I have a really hard time resting. When I get into “work mode” I summon all the resources available in the moment and keep pushing forward. Obviously, it’s not unusual that I very often have to face a hard reset – either voluntary, or involuntary.
There is probably more than one cause for this behavior. It might be that I’m having an overachiever complex (hiding, obviously, other problems not yet solved), or it might be that I am really, really passionate about what I do, I like it a lot. Add to this the fact that there are also emergencies, or situations when resting is simply not a choice (not all of them, of course, but sometimes there are). So, while getting to the root cause of this constant ‘crash by work’ attitude may be a longer process (and harder to brainstorm in a blog post), talking a bit about how I managed, in time, to control this resource allocation failure, might be more appropriate.
Without further ado, let’s go.
The first sign of getting in it too much, is, a bit counterintuitively, the mere excitement I feel, paired with some big expectations. When I have that specific feeling, when I get into that exhilaration state about a new project, or a new task, I know it will end up suddenly, with a hard reset. So, one way to manage it is to curb my enthusiasm. I try to get into tasks or projects with a little bit of distancing, regardless of how much I love them (or not). If I’m getting in it with too much enthusiasm, I know I will want to see it all done instantly, to finish it as soon as possible, and I will obviously stretch myself too much in this process.

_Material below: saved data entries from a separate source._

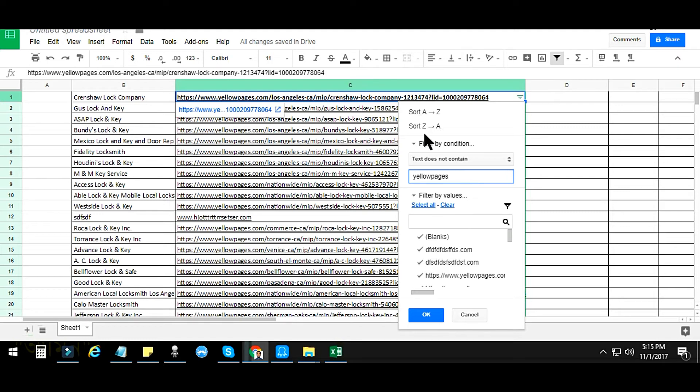Now select all those rows — use Shift and the down arrow to select them. You can either clear the values or delete the rows. Select them, right-click, and choose 'Delete rows'. After deleting, press Control+S to save.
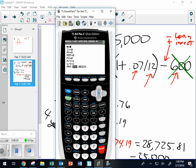Deflation almost never happens. You might find small examples like electronics — big screen TVs have come down in price — but that's rare. Over time, things get more expensive. I predicted to kids recently that before you're my age, McDonald's will have a five-dollar menu instead of a dollar menu, because there's a time value of money. That's what TVM stands for.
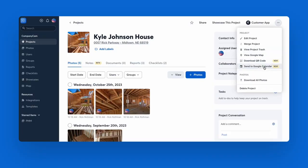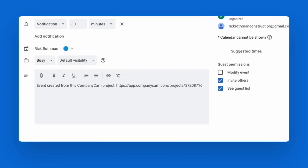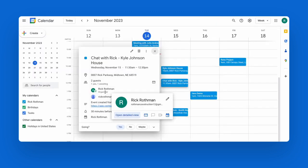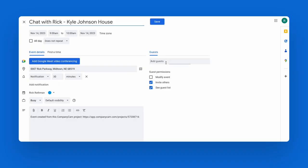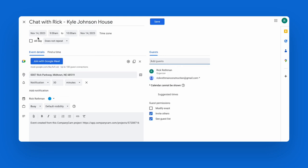Once you create a Google Calendar event from a CompanyCam project, your crews will have access to a universal link right from the event, and even the ability to pull up directions to the job with one click. Coordinating with your customers will be easier, too. You can add them to your calendar event from CompanyCam, so they know exactly when to expect you.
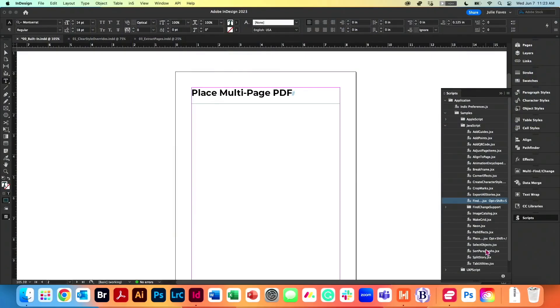And the next one is one of my personal favorites, because I work in an industry where we have to place PDFs in our documents all the time. This one is called Place Multi-Page PDF. Anyone else placing PDFs? But are you doing file place, and then you go find it and it's 500 pages long and you're placing everyone?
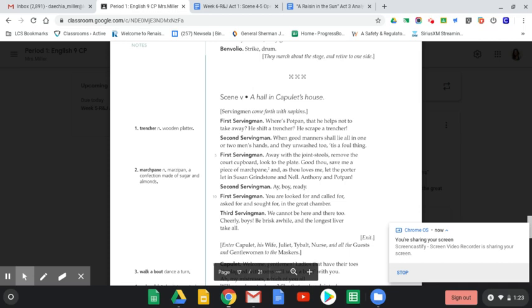Good morning. This is week six. I wanted to help you finish up Act One of Romeo and Juliet. Let's recap a little bit of Act One, Scene Four, and then we're going to spend most of our time today on Act One, Scene Five, which is the last scene in this first act.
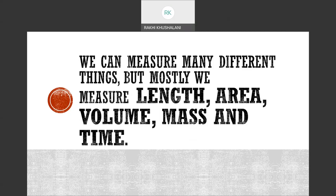We can measure many different things. But most commonly in our day-to-day life, we measure some length, some area, some perimeter, some volume, some mass, and time. You just finished with time and temperature. We saw that we use a clock to measure time and a thermometer to measure temperature.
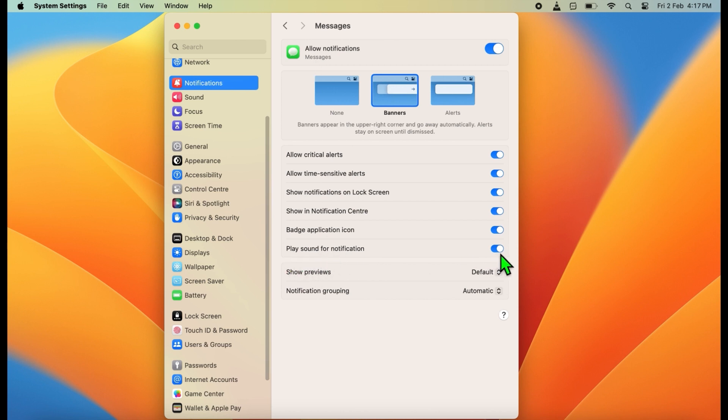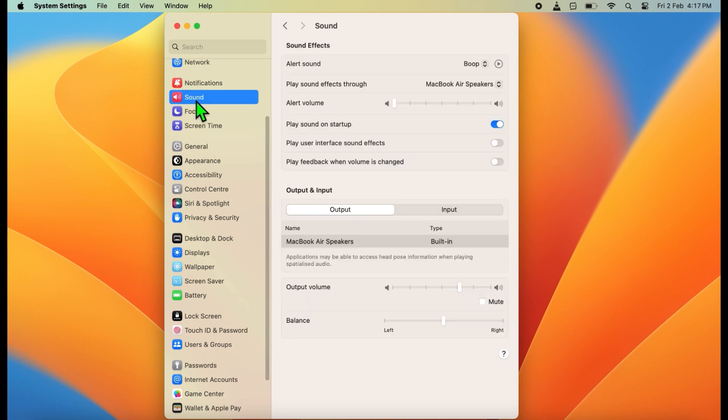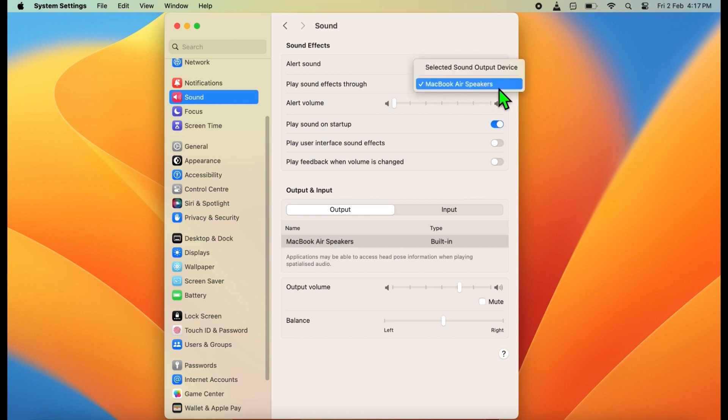If it's not on, then turn it on. Now go to Sound. On the Sound menu, make sure that MacBook Air speaker is selected next to play sound effects through.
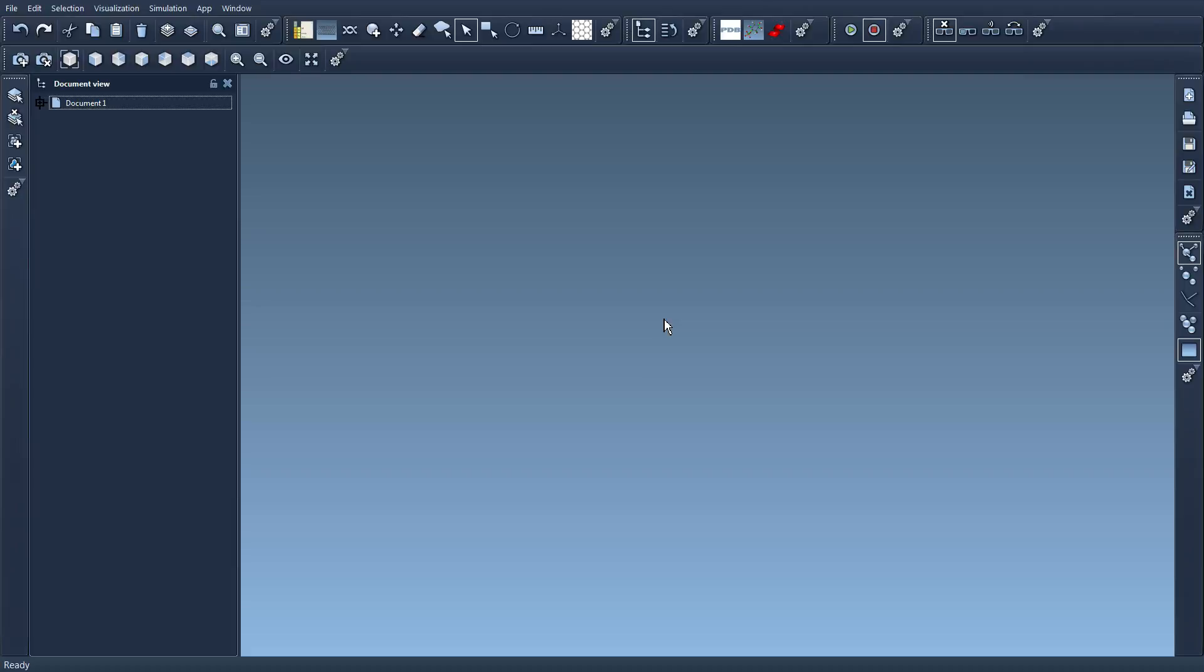Welcome back! In this video I would like to tell you about SAMSON editors, which are very important concepts in SAMSON.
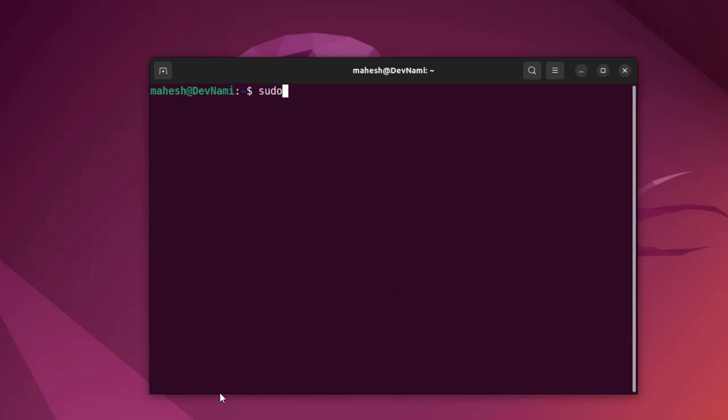Then type sudo apt install python3-opencv, because our Python is specific to Python version 3. Python 2.7 is not installed by default, so we'll go with Python 3.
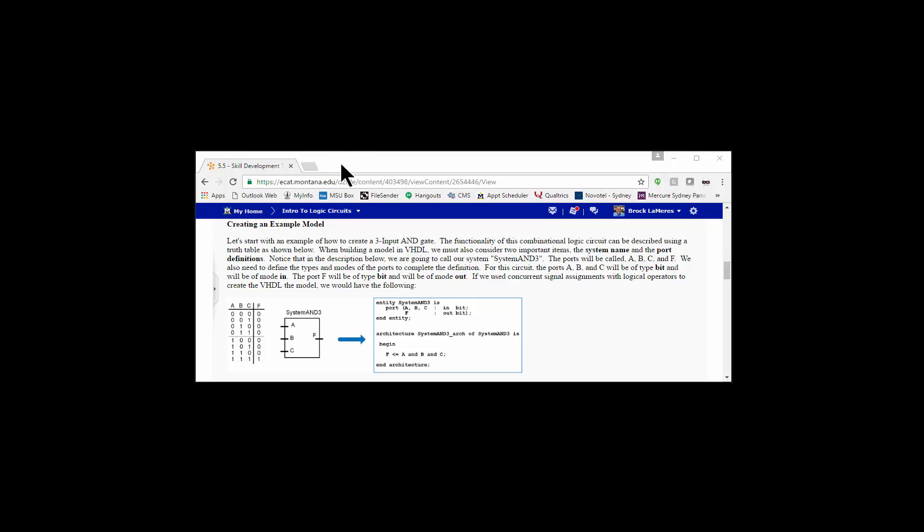Now we are going to create the VHDL model in a tool called ModelSim and actually run a functional simulation to verify its accuracy. The first thing we want to do when we start using ModelSim is create a folder so that we can keep all of our designs in.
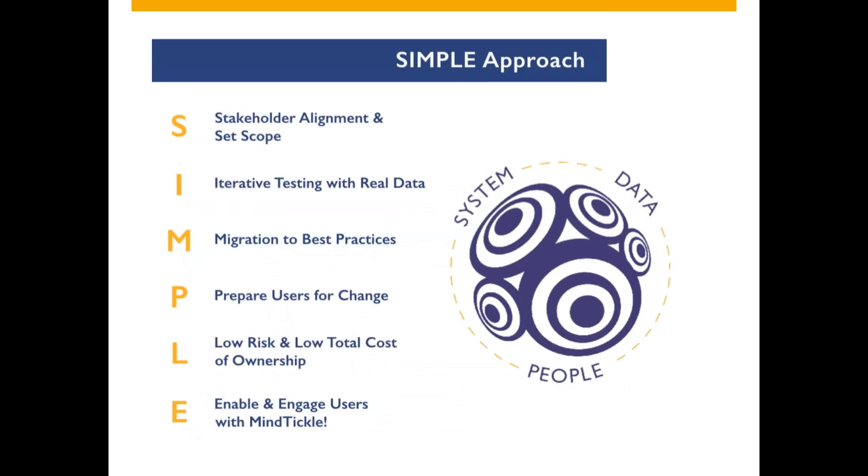Fifth, we ensure a low total cost of ownership for your ERP solution. We're a no-nonsense firm that does things right the first time. We have a 100% reference rate since 2001, and that's from over 75 end customers.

Another way to avoid the burnout was to split the day in one hour chunks (or smaller). It’s not related to the Pomodoro technique, in which you write down, or cross off, some “pomodoros” for each finished task. It’s simply an interruption of the work flow, for 5-10 minutes, or a switch to a different task. Sometimes I just get up, stretch a little or even walk for 5-10 minutes outside the coffee shop or coworking. Other times I simply pause the thing and relax for 5-10 minutes by reading some short, nice stuff (being it a newsletter that I saved specifically for this) or just some blog posts. After that, I get back to work a bit more refreshed and relaxed.
And the third thing that helped me (to a certain extent) was journaling. It helps me not only to clear my mind, but it acts as some sort of self-referencing observation agenda. For instance, I can look back at some days and see I was very productive. If there are 3-4 consecutive days, I know I am approaching some sort of a wall, so I try to slow down a little. It’s like a “heating alarm”. If I see in the journal too much stuff (or, on the contrary, too little, meaning I was so caught in that I didn’t even manage to journal anymore) then I simply take half of the day off. Most of the time that’s enough. And most of the time I can even wait until the weekend, and decide not to work during the weekend.
As you can imagine, I wrote today about that because I felt a little bit of overheating. Luckily, it didn’t get bad, so I was even able to distance myself a little and share some parts of the process.
With the hope they’ll be useful to someone, somehow, someday.